Des effets positifs à terme ?
Faire un bilan du Brexit suppose aussi de rappeler les événements historiques qui ont eu lieu les années passées. Les mauvais résultats économiques sont en réalité autant attribuables au Brexit qu’aux nombreuses crises récentes, allant de la crise sanitaire à la guerre ukraino-russe et aux tensions géopolitiques partout dans le monde. Si l’économie britannique a ralenti plus que ce qu'elle aurait été sans la sortie de l’UE, et malgré la récession l’an dernier, elle a enregistré une croissance de 0,7% au premier trimestre, soit la plus rapide de toutes les économies avancées. Ce qui laisse sous-entendre que la sortie de l’UE pourrait avoir des effets économiques positifs à long terme. D’ailleurs, le volume des exportations devrait dépasser celui des importations au cours de la prochaine décennie, au prix certes d'une réduction des échanges globaux.
Il faut aussi rappeler que le Royaume-Uni a fait le choix du Brexit par une volonté d’indépendance et de souveraineté, avant tout.
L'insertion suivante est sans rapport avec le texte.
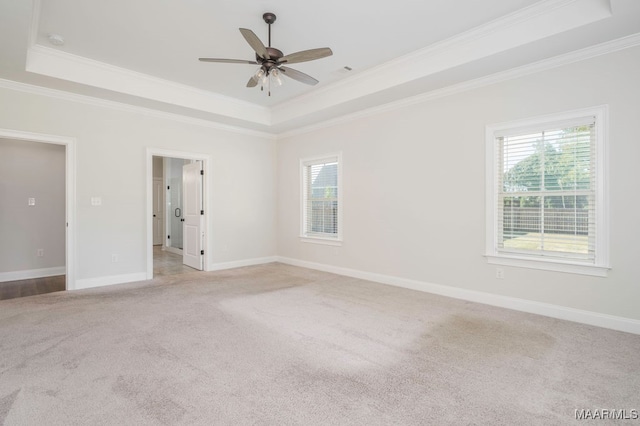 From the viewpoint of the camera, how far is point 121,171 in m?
4.91

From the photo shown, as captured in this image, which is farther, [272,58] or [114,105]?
[114,105]

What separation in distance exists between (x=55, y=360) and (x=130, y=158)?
11.1 ft

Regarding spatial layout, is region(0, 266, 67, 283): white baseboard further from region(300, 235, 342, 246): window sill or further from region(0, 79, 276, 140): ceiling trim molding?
region(300, 235, 342, 246): window sill

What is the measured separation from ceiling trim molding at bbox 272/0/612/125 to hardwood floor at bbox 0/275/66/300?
5.06 meters

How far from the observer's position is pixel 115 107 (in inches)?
190

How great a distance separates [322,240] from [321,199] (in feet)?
2.68

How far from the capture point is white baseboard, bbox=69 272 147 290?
4.57 metres

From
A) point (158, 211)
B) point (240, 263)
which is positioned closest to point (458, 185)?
point (240, 263)

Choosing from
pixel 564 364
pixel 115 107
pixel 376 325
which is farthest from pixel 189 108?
pixel 564 364

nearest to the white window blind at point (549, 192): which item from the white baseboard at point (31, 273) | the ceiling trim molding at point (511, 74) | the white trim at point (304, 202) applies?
the ceiling trim molding at point (511, 74)

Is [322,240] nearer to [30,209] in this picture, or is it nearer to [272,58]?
[272,58]

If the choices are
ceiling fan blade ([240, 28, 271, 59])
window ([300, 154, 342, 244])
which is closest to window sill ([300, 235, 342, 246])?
window ([300, 154, 342, 244])

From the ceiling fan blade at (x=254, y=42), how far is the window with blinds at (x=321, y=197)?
2.96 m

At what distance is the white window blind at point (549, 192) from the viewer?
3.29 m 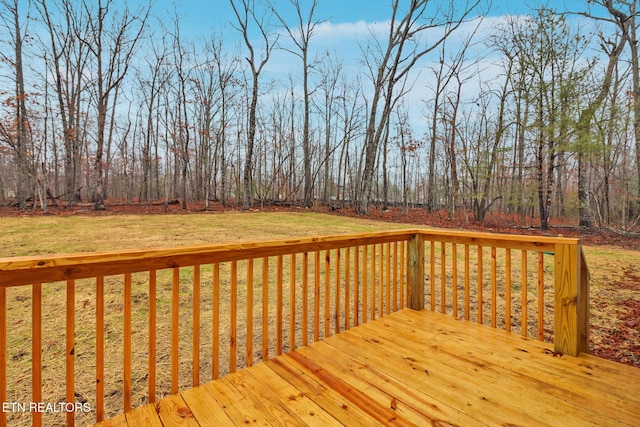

Les Britanniques ont de tout temps été séparé des européens par le fameux sentiment d’exceptionnalisme très singulier. Des siècles durant, ils ont souhaité s’émanciper du Vieux-Continent, et plus que jamais depuis l’Union européenne. Leur fidélité historique au capitalisme anglo-saxon fait d’eux des alliés nettement plus proches des États-Unis que de l’Europe…
Dans ces circonstances particulières, le nouveau Premier ministre a dessiné les contours de son programme économique, qui a le mérite de la clarté. Pour ce faire, il s’est accompagné de la nouvelle Chancelière de l’Échiquier (l’équivalent du ministre des Finances) Rachel Reeves, dont la formation d’économiste au sein de l’Université d’Oxford puis de la London School of Economics laisse penser que la rigueur budgétaire est sa devise. En plusieurs étapes, ils déclinent le programme économique du pays ainsi : faire de la croissance un pilier du mandat, réduire la présence de l’état par une baisse des dépenses publiques, accroître fortement la productivité, revenir à la décentralisation économique et politique, limiter le taux d’imposition des entreprises à 25%, ne jamais augmenter l’impôt sur le revenu, les cotisations, et la TVA, mais aussi créer un fond souverain pour augmenter les investissements privés et soutenir l’essor industriel.
Le plus grand défi reste toutefois celui de la maîtrise de la dette publique, dont le niveau record cache tant d'enjeux, exigeant du pays des sacrifices dans les dépenses et les recettes, faute d'une croissance suffisante. Les chantiers que comptent menés Keir Starmer restent à ce titre très flous. Pourtant, en tant que Premier ministre d'une nation souveraine sur le plan monétaire, il peut faire de la réduction de cette dette le pilier central de son mandat, par une réforme profonde de la politique monétaire, et ainsi œuvrer pour les générations futures. De ce combat déterminera son maintien au pouvoir, mais surtout l’avenir du Royaume-Uni.